WORK TO COMPLETE: Look through the listing below and write out exactly the lines from the line with "Edwardian 18ct Gold" to the line with "Trends International Pokémon", both included, and no others.

INPUT FOR THIS TASK:
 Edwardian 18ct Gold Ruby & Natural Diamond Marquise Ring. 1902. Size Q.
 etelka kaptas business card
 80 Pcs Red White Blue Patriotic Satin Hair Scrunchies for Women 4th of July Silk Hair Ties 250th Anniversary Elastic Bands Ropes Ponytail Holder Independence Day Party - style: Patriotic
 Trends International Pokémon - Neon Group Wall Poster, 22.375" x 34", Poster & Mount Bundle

* * *

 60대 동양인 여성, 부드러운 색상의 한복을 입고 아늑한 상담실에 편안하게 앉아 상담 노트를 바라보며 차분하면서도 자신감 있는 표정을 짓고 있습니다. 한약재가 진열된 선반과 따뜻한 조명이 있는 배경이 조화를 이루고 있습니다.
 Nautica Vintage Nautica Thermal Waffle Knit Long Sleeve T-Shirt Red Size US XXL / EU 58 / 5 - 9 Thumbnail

FINAL ANSWER:
 Edwardian 18ct Gold Ruby & Natural Diamond Marquise Ring. 1902. Size Q.
 etelka kaptas business card
 80 Pcs Red White Blue Patriotic Satin Hair Scrunchies for Women 4th of July Silk Hair Ties 250th Anniversary Elastic Bands Ropes Ponytail Holder Independence Day Party - style: Patriotic
 Trends International Pokémon - Neon Group Wall Poster, 22.375" x 34", Poster & Mount Bundle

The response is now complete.